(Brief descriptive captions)

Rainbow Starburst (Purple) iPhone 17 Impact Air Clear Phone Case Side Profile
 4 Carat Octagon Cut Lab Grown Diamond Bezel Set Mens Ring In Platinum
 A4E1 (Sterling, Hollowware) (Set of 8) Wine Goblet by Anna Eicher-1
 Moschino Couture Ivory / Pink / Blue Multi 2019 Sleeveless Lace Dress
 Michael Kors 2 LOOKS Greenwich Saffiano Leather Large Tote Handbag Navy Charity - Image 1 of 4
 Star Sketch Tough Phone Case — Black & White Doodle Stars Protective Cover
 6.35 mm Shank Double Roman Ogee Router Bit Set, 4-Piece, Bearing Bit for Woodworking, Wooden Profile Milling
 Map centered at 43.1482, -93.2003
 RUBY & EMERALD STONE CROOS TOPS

**TASK REQUIREMENTS:**
In the records above, find each line with the word "Profile" and copy it.

**ANSWER TO THIS EXERCISE:**
Rainbow Starburst (Purple) iPhone 17 Impact Air Clear Phone Case Side Profile
 6.35 mm Shank Double Roman Ogee Router Bit Set, 4-Piece, Bearing Bit for Woodworking, Wooden Profile Milling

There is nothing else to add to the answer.